**SUPPLIED RECORDS**

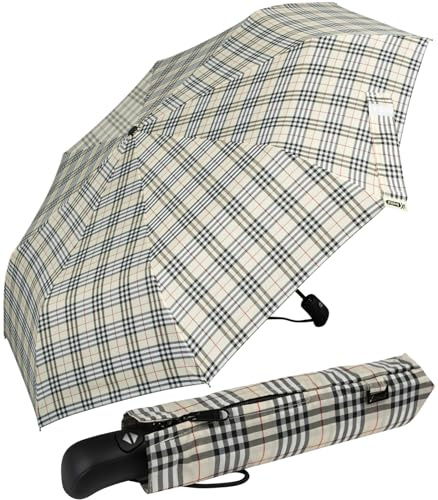 iX-brella First Class Edition – Parapluie de poche élégant – Ouverture et fermeture automatique – Grande stabilité – Résistant aux tempêtes, Carreaux/beige, 95 cm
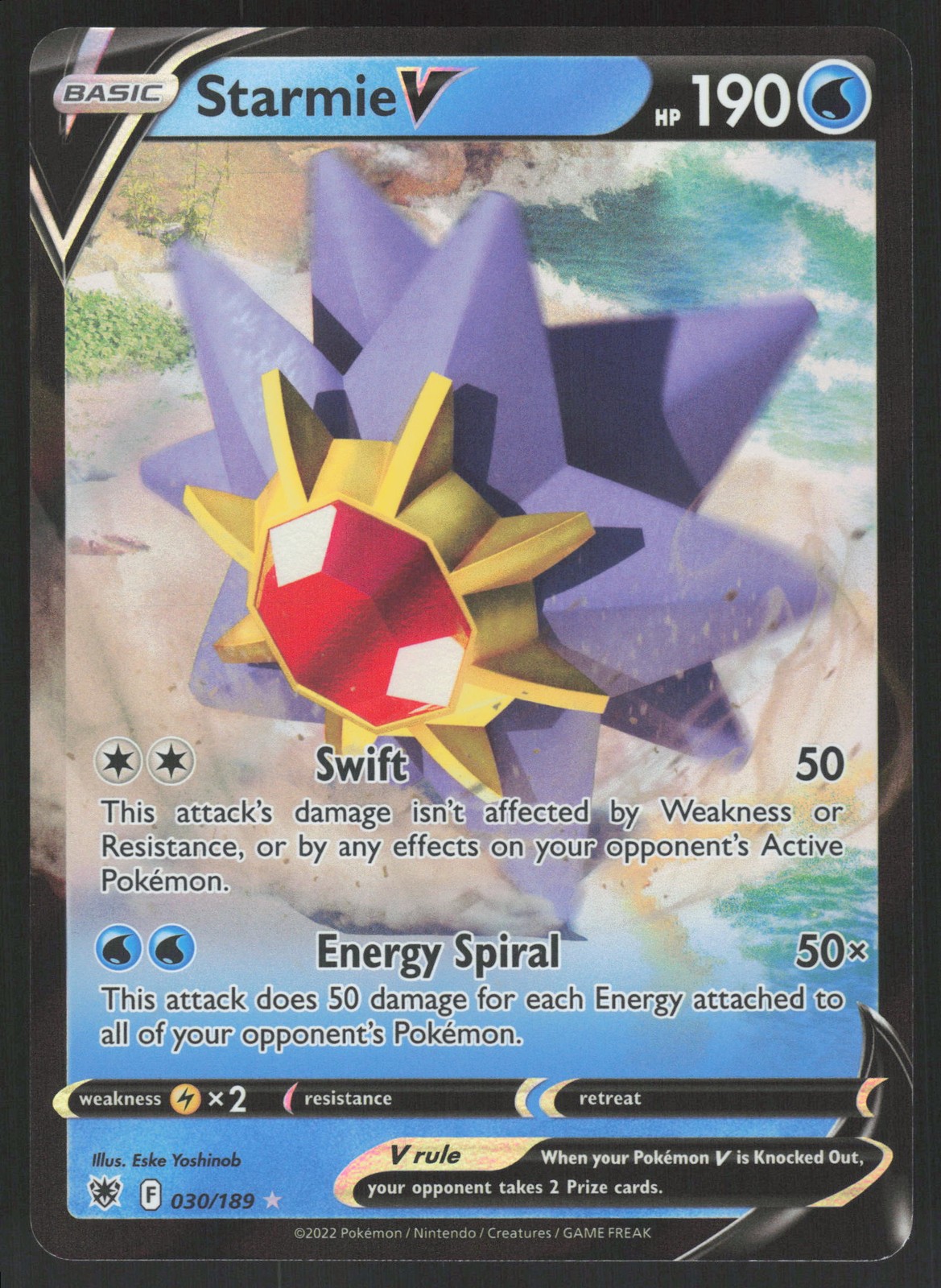 Starmie V 030/189 Ultra Rare Pokemon TCG SWSH10: Astral Radiance NM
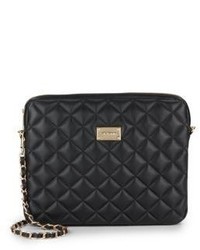 St. John Quilted Leather Convertible Clutch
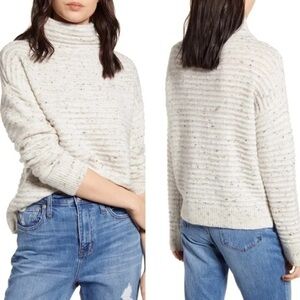 Madewell Speckled Ribbed Mock Neck Sweater Cream Gray Wool Blend Size Small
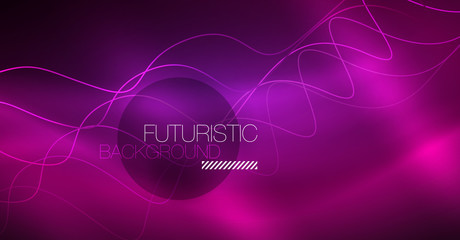 Abstract shiny glowinng color wave design element on dark background - science or technology concept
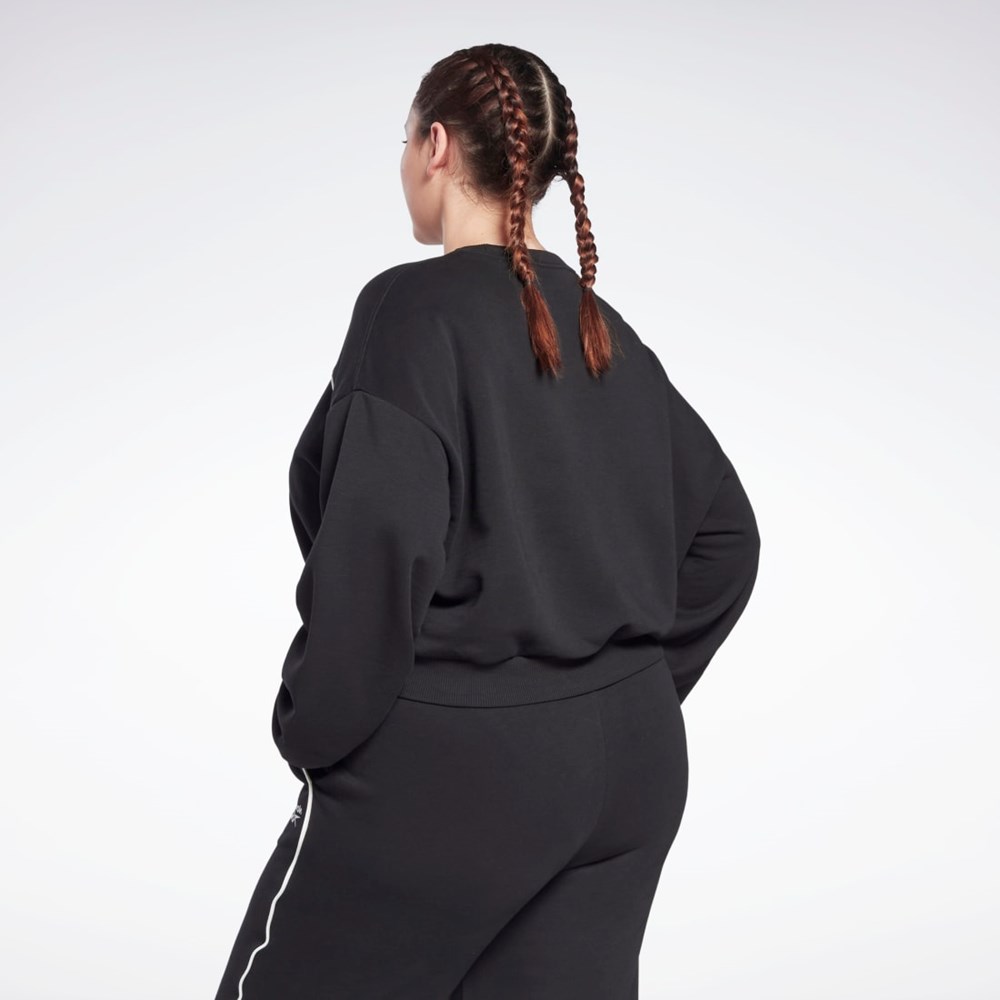 Reebok Piping Crewneck Sweatshirt (Plus Size) Mustat | SZVRNA-015
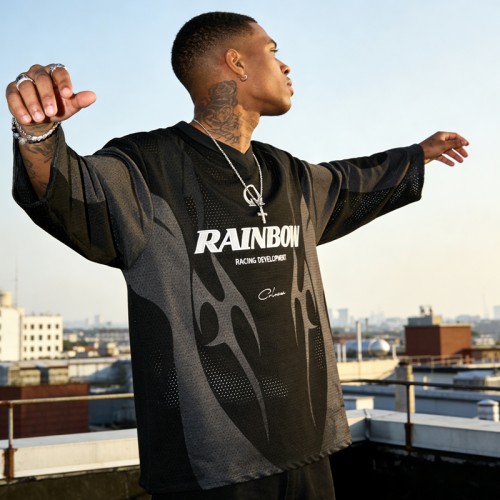 Sublimation Print Flame Jersey with Embroidery | Breathable Mesh | Oversized Fit | OEM Streetwear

**TASK BRIEF**
Going from the line with "Starmie V 030/189" to the last line of the listing, write out each line exactly and nothing else. Leave out all pictures.

**TASK RESPONSE**
 Starmie V 030/189 Ultra Rare Pokemon TCG SWSH10: Astral Radiance NM
 St. John Quilted Leather Convertible Clutch
 Madewell Speckled Ribbed Mock Neck Sweater Cream Gray Wool Blend Size Small
 Abstract shiny glowinng color wave design element on dark background - science or technology concept
 Reebok Piping Crewneck Sweatshirt (Plus Size) Mustat | SZVRNA-015
 Sublimation Print Flame Jersey with Embroidery | Breathable Mesh | Oversized Fit | OEM Streetwear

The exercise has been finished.